Retype the listing exactly, minus its pictures.

------------------------

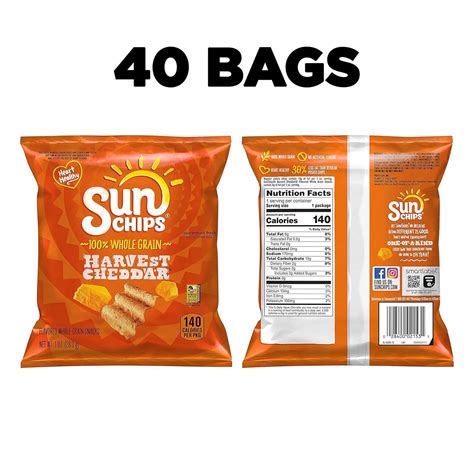 Sunchips Multigrain Chips Variety Pack, 40 Count(Cheddar Cheese ...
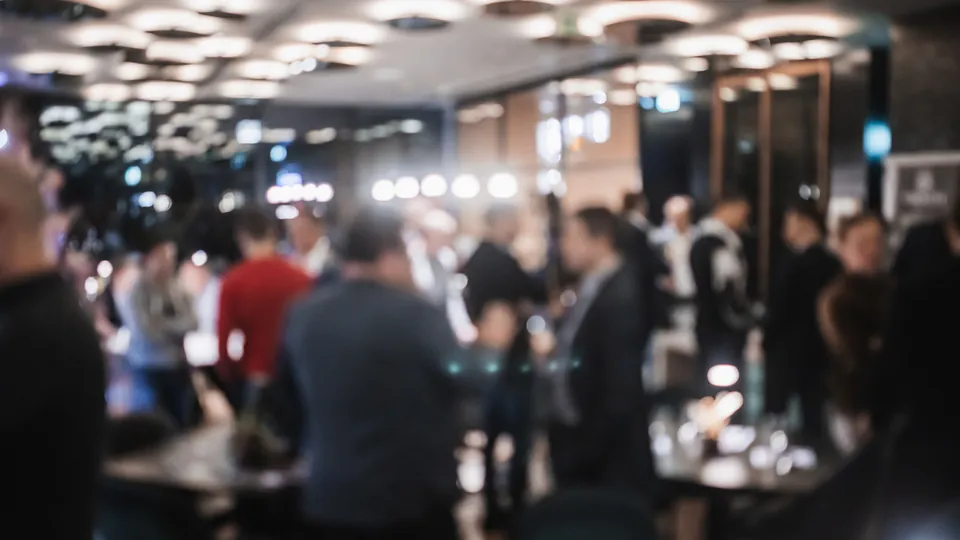 Guests mingling at a private event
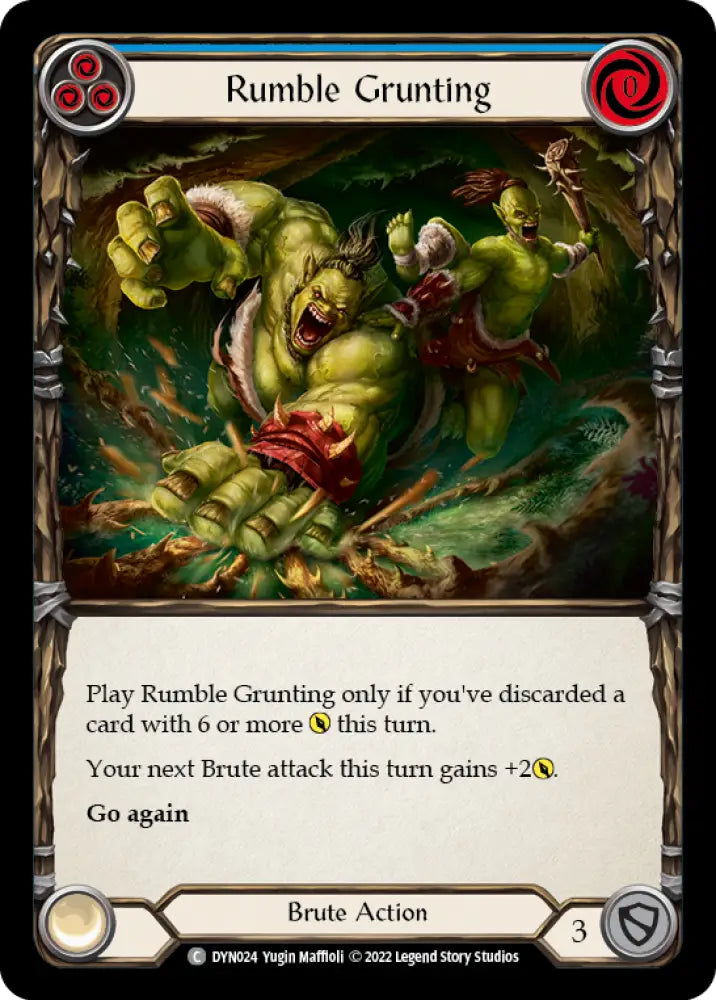 Rumble Grunting (Blue) [Dynasty] Rainbow Foil - Flesh And Blood Single
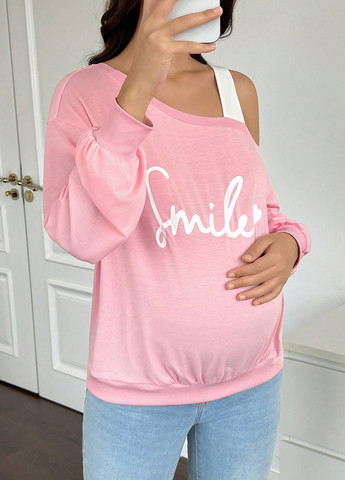 Розовый свитшот для беременных SHEIN надпись с вырезами (366071135)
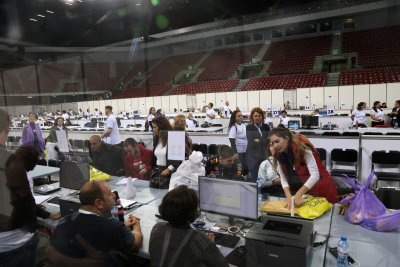 Обстановката в зала Арена София където приемат протоколите от вота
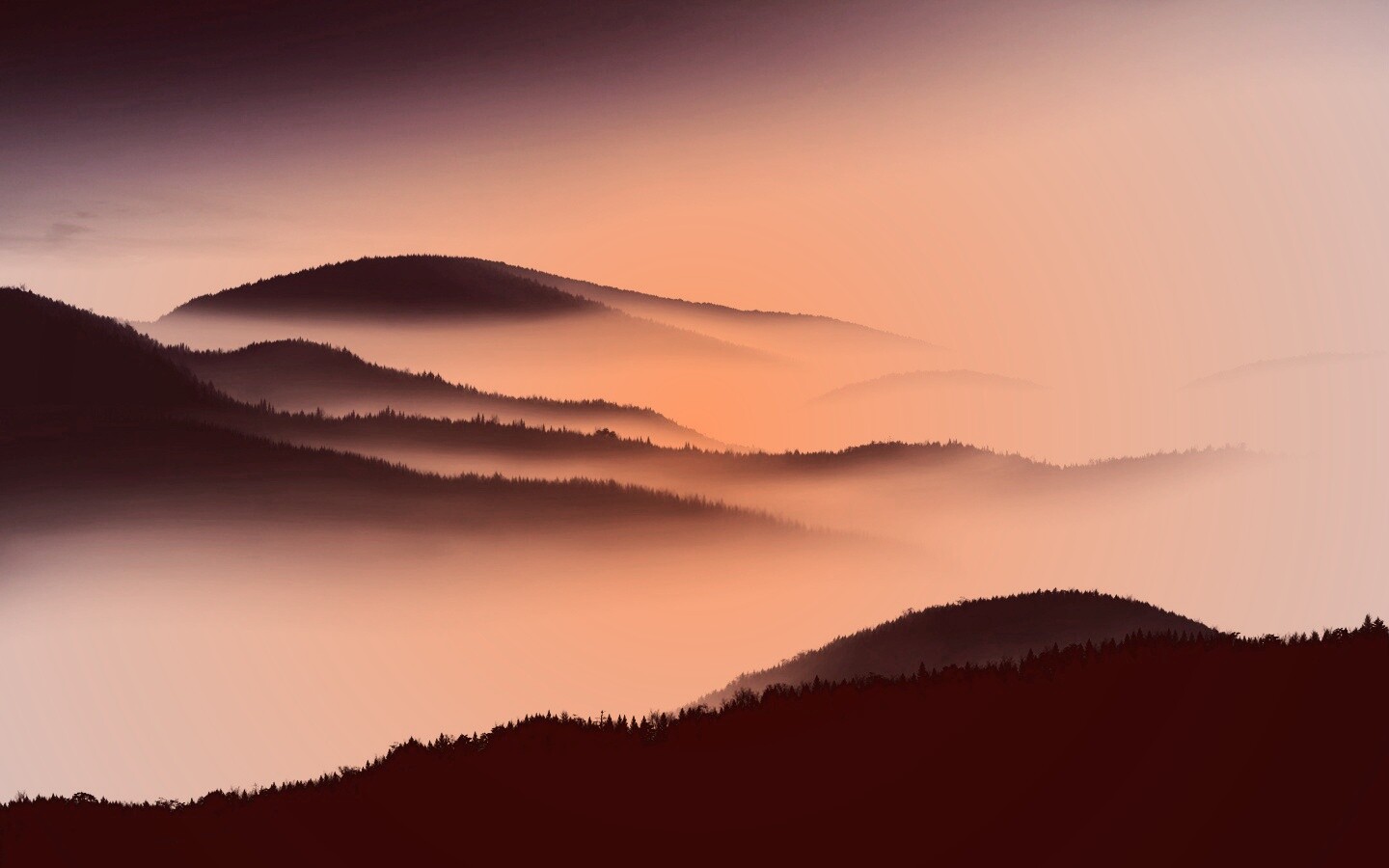 Туманные горы обои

------------------------

## Your response:
 Sunchips Multigrain Chips Variety Pack, 40 Count(Cheddar Cheese ...
 Guests mingling at a private event
 Rumble Grunting (Blue) [Dynasty] Rainbow Foil - Flesh And Blood Single
 Розовый свитшот для беременных SHEIN надпись с вырезами (366071135)
 Обстановката в зала Арена София където приемат протоколите от вота
 Туманные горы обои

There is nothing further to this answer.